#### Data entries
★ ★ ★
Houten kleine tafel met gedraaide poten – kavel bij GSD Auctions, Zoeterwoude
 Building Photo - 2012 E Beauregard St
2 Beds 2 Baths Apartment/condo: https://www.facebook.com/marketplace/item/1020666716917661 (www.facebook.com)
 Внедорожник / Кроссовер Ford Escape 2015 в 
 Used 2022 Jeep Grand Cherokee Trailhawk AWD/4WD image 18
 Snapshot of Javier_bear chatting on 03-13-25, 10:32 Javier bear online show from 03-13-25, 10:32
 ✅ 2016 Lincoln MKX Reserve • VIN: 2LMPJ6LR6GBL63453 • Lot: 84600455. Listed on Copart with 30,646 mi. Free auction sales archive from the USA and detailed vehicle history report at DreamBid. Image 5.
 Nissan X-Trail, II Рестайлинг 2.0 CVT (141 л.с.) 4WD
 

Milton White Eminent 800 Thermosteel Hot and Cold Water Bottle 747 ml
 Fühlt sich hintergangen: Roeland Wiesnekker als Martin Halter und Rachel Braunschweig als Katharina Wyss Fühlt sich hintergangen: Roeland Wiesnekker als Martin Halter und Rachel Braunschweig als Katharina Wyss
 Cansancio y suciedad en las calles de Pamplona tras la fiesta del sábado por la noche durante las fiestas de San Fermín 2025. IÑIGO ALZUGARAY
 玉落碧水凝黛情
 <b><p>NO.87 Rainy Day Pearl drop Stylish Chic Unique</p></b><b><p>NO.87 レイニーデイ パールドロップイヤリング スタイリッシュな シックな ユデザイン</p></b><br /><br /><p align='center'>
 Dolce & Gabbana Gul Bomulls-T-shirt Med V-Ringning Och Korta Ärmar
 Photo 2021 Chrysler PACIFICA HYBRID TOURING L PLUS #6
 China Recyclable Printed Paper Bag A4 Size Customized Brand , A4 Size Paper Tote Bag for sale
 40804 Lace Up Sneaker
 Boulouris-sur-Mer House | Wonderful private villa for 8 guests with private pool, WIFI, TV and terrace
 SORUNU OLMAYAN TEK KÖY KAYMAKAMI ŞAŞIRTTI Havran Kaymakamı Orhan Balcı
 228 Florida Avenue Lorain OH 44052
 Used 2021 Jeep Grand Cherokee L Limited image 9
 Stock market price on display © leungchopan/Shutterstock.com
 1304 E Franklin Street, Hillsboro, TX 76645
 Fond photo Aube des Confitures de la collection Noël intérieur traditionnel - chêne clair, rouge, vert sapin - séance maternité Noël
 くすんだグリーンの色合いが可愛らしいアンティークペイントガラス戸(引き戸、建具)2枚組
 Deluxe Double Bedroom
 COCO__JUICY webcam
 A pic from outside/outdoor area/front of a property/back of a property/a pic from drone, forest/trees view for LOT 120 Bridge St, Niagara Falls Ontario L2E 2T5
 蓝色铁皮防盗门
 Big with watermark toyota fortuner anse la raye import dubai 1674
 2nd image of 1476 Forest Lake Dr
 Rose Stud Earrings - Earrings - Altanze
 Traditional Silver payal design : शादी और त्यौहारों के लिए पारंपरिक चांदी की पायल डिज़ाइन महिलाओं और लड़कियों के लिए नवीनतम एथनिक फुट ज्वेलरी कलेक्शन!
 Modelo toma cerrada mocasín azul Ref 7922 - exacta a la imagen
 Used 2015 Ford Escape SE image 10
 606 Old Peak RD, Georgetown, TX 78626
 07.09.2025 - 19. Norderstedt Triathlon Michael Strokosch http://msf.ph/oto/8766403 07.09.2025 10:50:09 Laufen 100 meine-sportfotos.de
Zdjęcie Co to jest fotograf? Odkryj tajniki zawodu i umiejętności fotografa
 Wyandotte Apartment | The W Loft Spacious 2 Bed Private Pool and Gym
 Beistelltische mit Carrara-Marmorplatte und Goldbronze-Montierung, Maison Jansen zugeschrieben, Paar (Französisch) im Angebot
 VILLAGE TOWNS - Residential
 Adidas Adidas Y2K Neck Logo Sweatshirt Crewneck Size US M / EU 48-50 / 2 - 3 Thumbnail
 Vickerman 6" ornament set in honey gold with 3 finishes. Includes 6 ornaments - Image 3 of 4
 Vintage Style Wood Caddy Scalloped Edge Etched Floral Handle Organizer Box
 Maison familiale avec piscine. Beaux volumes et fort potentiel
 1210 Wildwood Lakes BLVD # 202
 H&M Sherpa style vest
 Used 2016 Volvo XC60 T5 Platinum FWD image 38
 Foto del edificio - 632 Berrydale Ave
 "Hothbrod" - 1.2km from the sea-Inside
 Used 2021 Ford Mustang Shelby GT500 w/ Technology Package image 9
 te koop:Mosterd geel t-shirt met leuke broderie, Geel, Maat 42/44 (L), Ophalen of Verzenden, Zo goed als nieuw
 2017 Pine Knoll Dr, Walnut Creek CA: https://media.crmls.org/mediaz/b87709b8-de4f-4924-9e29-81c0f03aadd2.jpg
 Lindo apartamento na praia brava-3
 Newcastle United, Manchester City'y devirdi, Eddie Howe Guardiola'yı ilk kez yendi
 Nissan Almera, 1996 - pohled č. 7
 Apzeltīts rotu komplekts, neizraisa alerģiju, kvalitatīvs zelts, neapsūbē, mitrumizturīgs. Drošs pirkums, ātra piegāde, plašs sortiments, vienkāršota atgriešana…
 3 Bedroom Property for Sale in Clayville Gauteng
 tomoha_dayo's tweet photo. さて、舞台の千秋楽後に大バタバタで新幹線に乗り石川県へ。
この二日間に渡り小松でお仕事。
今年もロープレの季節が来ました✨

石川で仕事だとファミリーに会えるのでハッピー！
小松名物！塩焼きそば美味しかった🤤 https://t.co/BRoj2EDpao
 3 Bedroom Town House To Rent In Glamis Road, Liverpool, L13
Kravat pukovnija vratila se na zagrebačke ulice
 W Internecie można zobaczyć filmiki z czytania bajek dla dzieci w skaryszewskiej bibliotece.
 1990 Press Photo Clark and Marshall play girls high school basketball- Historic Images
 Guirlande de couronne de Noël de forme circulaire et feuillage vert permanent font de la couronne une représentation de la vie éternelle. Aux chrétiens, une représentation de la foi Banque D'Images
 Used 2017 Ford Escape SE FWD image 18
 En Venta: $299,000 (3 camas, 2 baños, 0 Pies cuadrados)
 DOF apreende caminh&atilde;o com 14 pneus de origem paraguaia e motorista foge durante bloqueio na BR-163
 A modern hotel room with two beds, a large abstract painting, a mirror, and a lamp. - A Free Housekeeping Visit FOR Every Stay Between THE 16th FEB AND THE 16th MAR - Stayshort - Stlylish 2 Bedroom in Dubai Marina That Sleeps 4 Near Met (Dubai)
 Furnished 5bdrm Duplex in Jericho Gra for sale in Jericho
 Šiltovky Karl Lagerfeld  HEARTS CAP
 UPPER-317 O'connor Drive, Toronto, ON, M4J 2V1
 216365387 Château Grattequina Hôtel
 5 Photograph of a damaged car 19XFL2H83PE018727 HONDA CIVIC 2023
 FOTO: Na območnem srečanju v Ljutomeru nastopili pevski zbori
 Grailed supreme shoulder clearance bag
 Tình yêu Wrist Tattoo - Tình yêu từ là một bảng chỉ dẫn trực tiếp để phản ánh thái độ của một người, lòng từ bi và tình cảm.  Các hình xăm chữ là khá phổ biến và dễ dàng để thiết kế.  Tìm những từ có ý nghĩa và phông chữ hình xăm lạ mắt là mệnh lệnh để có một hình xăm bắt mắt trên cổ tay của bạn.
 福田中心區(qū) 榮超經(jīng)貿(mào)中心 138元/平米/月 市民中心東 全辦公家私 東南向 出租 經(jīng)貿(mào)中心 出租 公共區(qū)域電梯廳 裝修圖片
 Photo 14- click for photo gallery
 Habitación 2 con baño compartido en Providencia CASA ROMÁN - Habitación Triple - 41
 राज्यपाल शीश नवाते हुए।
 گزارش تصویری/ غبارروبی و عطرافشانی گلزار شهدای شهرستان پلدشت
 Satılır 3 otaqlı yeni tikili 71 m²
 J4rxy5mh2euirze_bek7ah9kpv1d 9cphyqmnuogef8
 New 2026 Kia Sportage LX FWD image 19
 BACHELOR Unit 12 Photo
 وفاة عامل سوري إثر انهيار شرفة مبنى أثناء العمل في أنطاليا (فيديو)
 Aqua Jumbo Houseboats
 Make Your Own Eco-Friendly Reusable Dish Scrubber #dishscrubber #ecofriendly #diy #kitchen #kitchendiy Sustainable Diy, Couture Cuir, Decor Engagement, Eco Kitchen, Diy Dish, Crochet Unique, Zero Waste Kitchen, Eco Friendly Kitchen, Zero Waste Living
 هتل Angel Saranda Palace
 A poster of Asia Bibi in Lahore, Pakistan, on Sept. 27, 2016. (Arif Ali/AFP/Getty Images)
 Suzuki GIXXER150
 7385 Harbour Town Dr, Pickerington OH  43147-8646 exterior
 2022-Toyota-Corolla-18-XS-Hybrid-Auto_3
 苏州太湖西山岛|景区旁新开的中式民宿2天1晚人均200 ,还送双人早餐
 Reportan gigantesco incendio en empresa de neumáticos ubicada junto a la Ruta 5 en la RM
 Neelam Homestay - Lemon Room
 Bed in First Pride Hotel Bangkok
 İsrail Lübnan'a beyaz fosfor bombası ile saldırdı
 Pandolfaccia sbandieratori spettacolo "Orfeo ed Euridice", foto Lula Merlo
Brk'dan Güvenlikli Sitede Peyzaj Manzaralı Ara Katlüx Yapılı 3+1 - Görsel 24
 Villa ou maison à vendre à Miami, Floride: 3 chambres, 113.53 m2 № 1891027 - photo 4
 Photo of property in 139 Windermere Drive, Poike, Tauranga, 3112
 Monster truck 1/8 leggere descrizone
★ ★ ★
Take the line holding "7385 Harbour Town" and all lines after it through the end of the data, and set them down exactly.

#### Exercise response
 7385 Harbour Town Dr, Pickerington OH  43147-8646 exterior
 2022-Toyota-Corolla-18-XS-Hybrid-Auto_3
 苏州太湖西山岛|景区旁新开的中式民宿2天1晚人均200 ,还送双人早餐
 Reportan gigantesco incendio en empresa de neumáticos ubicada junto a la Ruta 5 en la RM
 Neelam Homestay - Lemon Room
 Bed in First Pride Hotel Bangkok
 İsrail Lübnan'a beyaz fosfor bombası ile saldırdı
 Pandolfaccia sbandieratori spettacolo "Orfeo ed Euridice", foto Lula Merlo
Brk'dan Güvenlikli Sitede Peyzaj Manzaralı Ara Katlüx Yapılı 3+1 - Görsel 24
 Villa ou maison à vendre à Miami, Floride: 3 chambres, 113.53 m2 № 1891027 - photo 4
 Photo of property in 139 Windermere Drive, Poike, Tauranga, 3112
 Monster truck 1/8 leggere descrizone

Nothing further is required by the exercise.